What can we learn from this series of cyberattacks? What did they have in common; how did they differ? What tactics and techniques proved effective? Most importantly, how can businesses use this information to improve cybersecurity measures for the future?  

Before we answer all that, let’s dive in to a few of the more prominent LAPSUS$ breaches that shook the industry in 2022. 

LAPSUS$ strikes February 2022

On February 23, 2022, rumours began to circulate that the computer hardware company NVIDIA suffered a data breach. A few days later, on the 26th, LAPSUS$ came forward to claim their role in the attack and then leaked 20 GB of company data, including intellectual property (IP) and over 70,000 hashed employee credentials. 

While hashed credentials don't sound too valuable, it’s not overly difficult to use them to obtain raw passwords. A company facing this predicament would normally act quickly to reset their passwords.

The FBI acknowledges attacker activity

A week after the attack on NVIDIA, LAPSUS$ leaked 190 GB of Samsung data. According to Samsung, the breach included source code relating to Galaxy devices but not any personal information of consumers or employees.  

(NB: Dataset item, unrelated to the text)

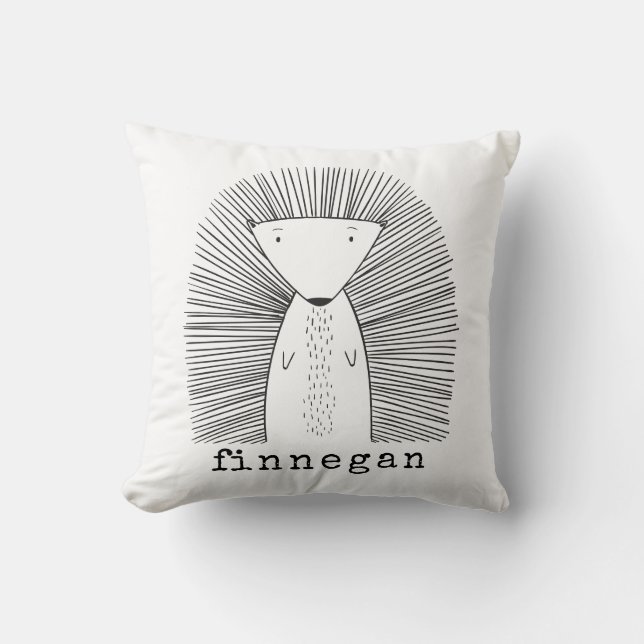 Coussin Cute Porcupine Ligne Simple Dessin Personnalisé (Recto)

Shortly after, on March 21, 2022, the FBI released a statement highlighting the LAPSUS$ attacks and seeking information about the rising cybercrime group.

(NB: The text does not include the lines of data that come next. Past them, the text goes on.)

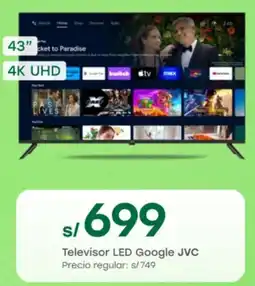 Tottus Jvc televisor led google 43" oferta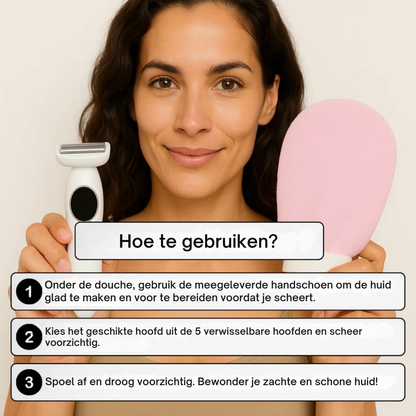 SilkGroom™ 5-in-1 – Pijnloos Scheerapparaat voor Zijdezachte Huid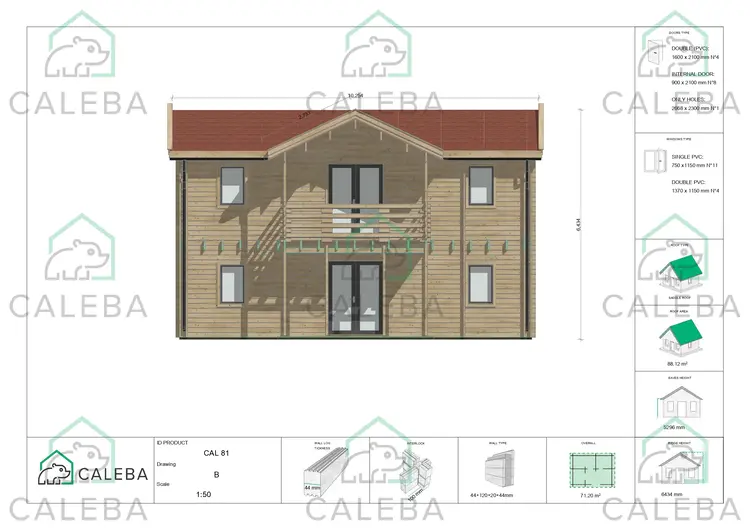 Casa prefabbricata in legno due piani GILDA, lato B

LAPSUS$ targets the supply chain

The day after the FBI released their statement, LAPSUS$ leaked customer data from Okta, a major identity and access management provider.  

Yet after posting the data and claiming the breach, it turned out that LAPSUS$ hadn’t directly breached Okta but had successfully breached an Okta partner. From there, LAPSUS$ attempted—but failed—to compromise Okta. 

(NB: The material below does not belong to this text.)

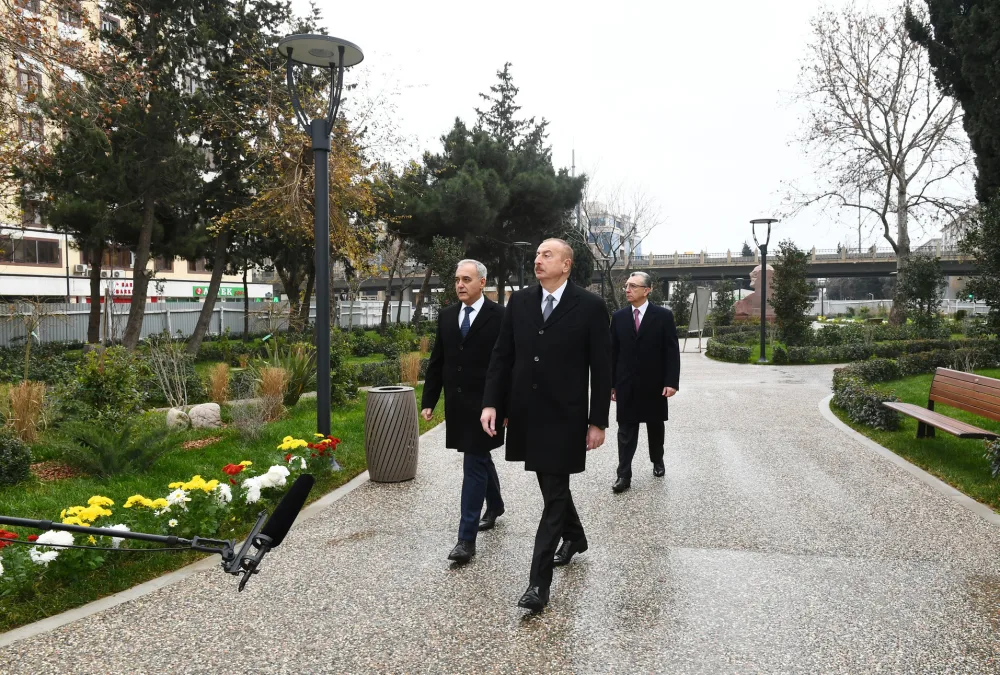 İlham Əliyev parkda aparılan yenidənqurma işləri ilə - TANIŞ OLDU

However, by breaching Okta’s partner, LAPSUS$ did gain access to a small amount of Okta customer data which supported their claim of breaching the company. Okta subsequently had to take significant steps to reassure customers and investors.   

During the same week in March, LAPSUS$ began posting screenshots of source code that proved they’d gained access to Microsoft—and they did this while still inside the network.  

Within a few hours, Microsoft posted a blog about LAPSUS$. Microsoft confirmed the breach, indicating the LAPSUS$ statements allowed their security team to intervene and shut down the data exfiltration as it happened. 

What’s more, the Microsoft blog revealed much of how LAPSUS$ operated. Essentially, LAPSUS$ was exposed as a cybercrime group that used extensive social engineering techniques and common administrative tools found in any IT environment—a method known as “living off the land.” 

A six-month hiatus

On September 15, about six months later, news came out that Uber suffered a significant cyberattack and, once again, LAPSUS$ claimed responsibility. The hackers posted screenshots of Uber’s key internal systems, finance, security, and IT provisioning resources.   

LAPSUS$ achieved this broad-based access because, after gaining initial access to the network, they were able to find highly privileged credentials. 

Three days later, Rockstar Games, the company behind Grand Theft Auto, was breached. LAPSUS$ obtained source code, screenshots, and videos from an internal Slack channel. The cybercrime group posted 90 videos to a fan site for Grand Theft Auto, disrupting the development of the series’ sixth instalment. 

The downfall of LAPSUS$

Not long after the attack on Microsoft in March 2022, cybersecurity researchers identified the LAPSUS$ ringleader, a teenager from Oxfordshire, UK. On March 24, almost exactly a month after the major North American cyberattack by LAPSUS$, London police arrested seven people for their roles in the attacks.

These arrests led to the six-month hiatus. When the hackings continued in September on Uber and Rockstar Games, the police acted quickly. On September 22, City of London police arrested the ringleader for a second time. 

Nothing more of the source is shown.